You didn’t care about Bill Clinton’s rapes, assaults, and sexual harassments, you didn’t care about Obama’s authoritarian contempt for the Constitution, and you stick your fingers in your ears and hum “LA LA LA LA MANSPLAINING LA LA LA” to avoid thinking about how many violations of the Espionage Act Hillary is guilty of. Well, the chickens are home now, and they’re tired, and they want to roost in the place you made for them.
Do you ever get tired of it? Does it ever weary the soul to have to swallow every gargantuan sophistry in defense of these interlopers, lick your plate clean, and ask for seconds? Or has it been going on for so long that you’ve just gotten used to it? Is it really not so bad? What difference does it make? None of my business, I guess.
You don’t like Trump, don’t vote for him. I’ll be there with you. But don’t hyperventilate about him and expect me to take you seriously. I am no longer shocked by every swine that shuffles across the stage, honking and squealing and crawling through muck. One pig is as another.
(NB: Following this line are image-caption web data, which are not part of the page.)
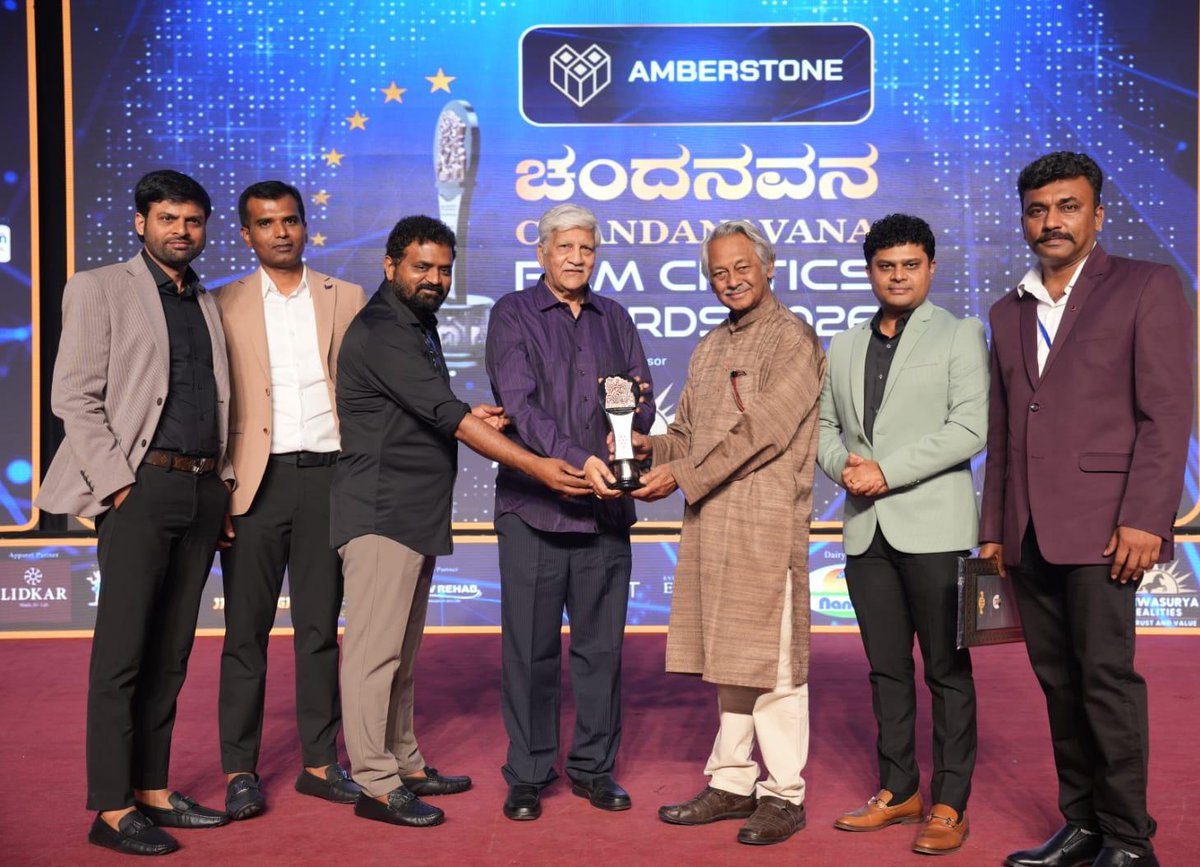AcademyCFC's tweet photo. The  Lifetime Achievement award given to S V Rajendra Singh Babu at the #AmberstoneChandanavanaFilmCriticsAwards2026

 Television Premiere Coming Soon!

#AmberstoneProperties
#AshwasuryaRealities #cfcaawards2026 https://t.co/nk9chMOGlo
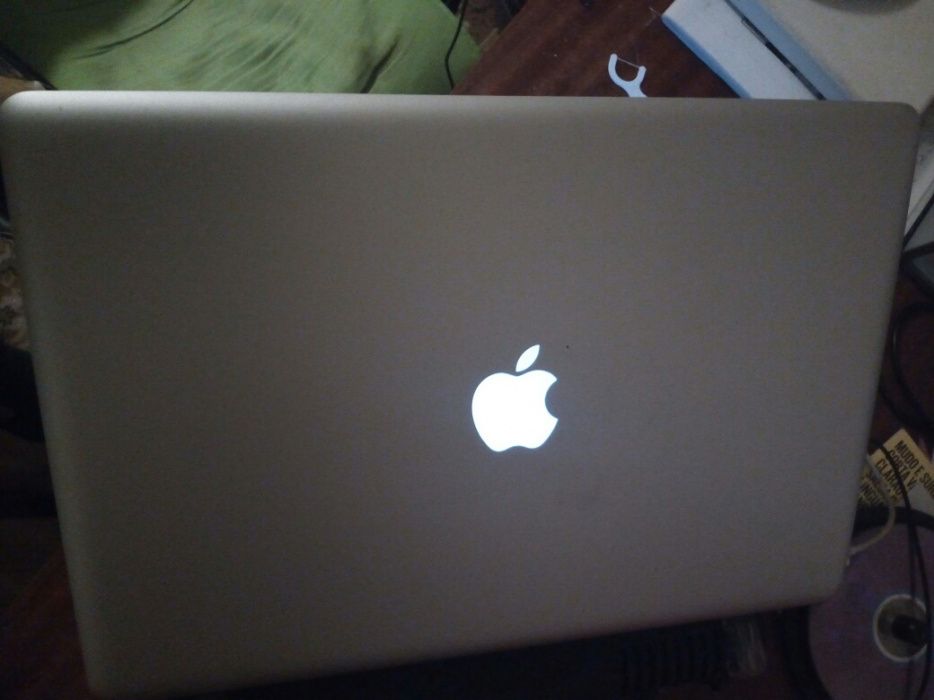 MacBook Pro 15-inch Laptop423437045250795523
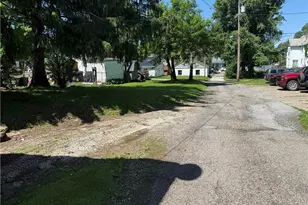 421 N 11th St, Cambridge, OH 43725 - Photo 17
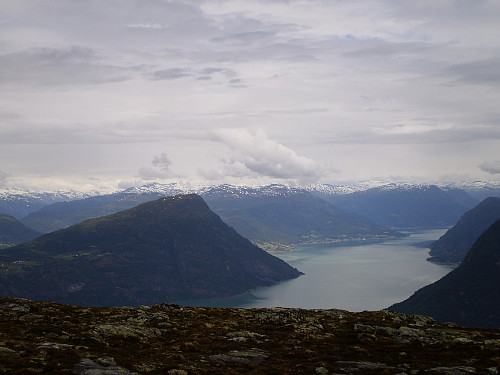 Frå Vetle Haugmelen. Molden til venstre. 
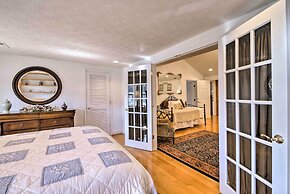 Damascus Home w/ Fire Pit & Views, Walk to Shops!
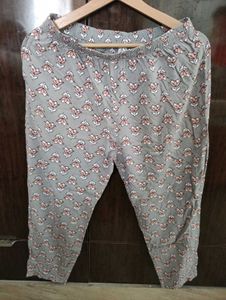 Chic Floral Print Kurta and Pant Set for Women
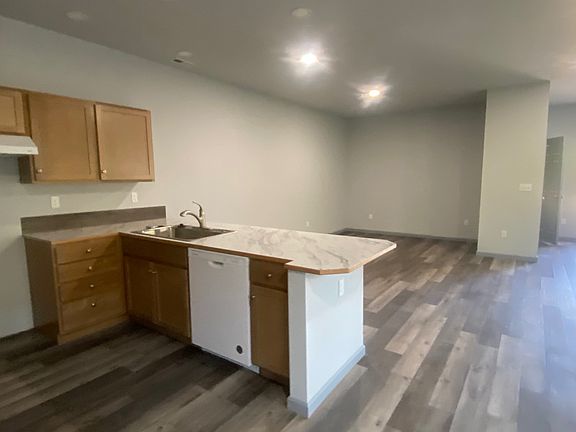 3rd image of 208 W Yakima Ave #1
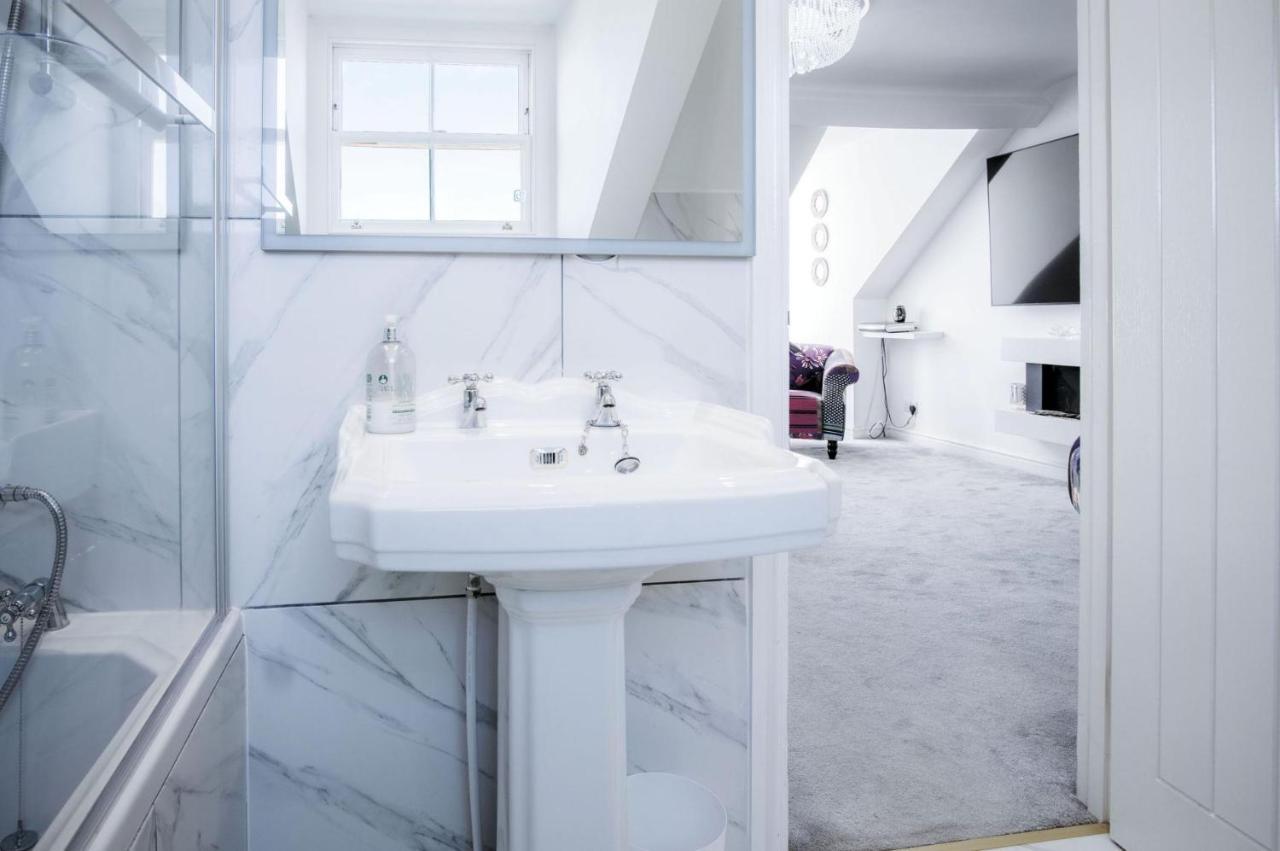 The Penthouse - Luxury 1 Bed - Panorama - Tenby Bagian luar foto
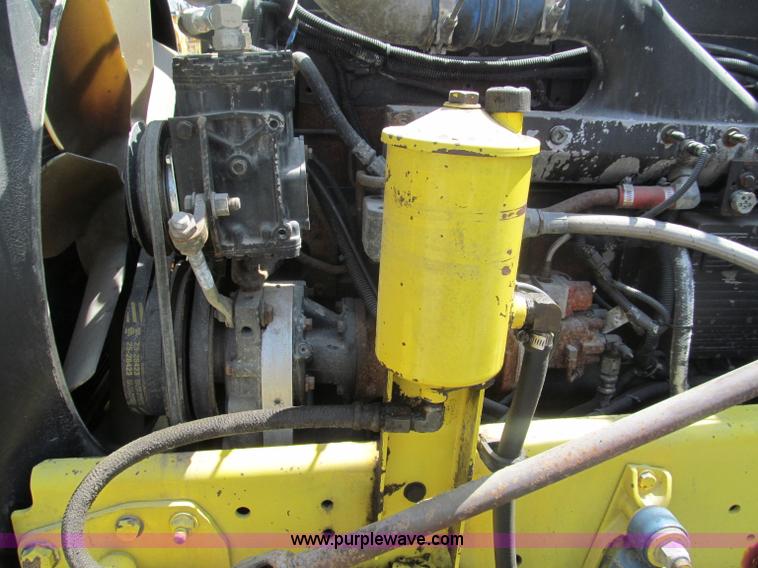 image for item E5966 1999 Freightliner Classic XL semi truck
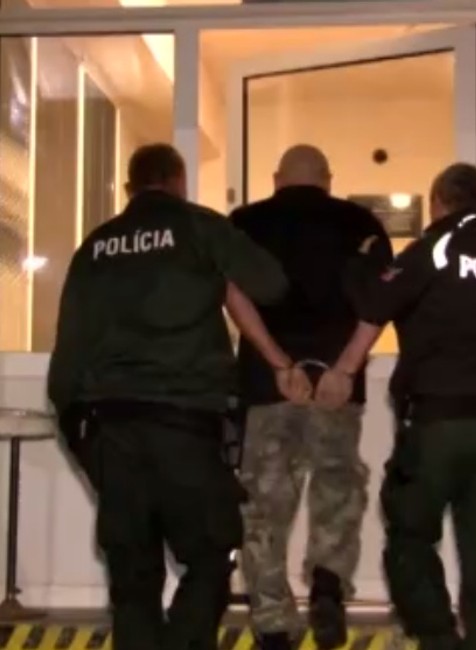 Susedská hádka sa skončila brutálnou vraždou. Páchateľ ťahal svoju obeť na lane za autom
Funny how so much of the commentary from Trumpophobes is ‘Trump will do this’ or ‘Trump will do that’. Very little is being said about what Hillary HAS done.
Trump might turn out to be the Greg Stilllson of Stephen King’s novel The Dead Zone. Stiil, if it’s a choice between a potential tyrant and a proven habitual liar, potential seems a better bet than proven.
Vote for Trump: He might not be the worst thing ever!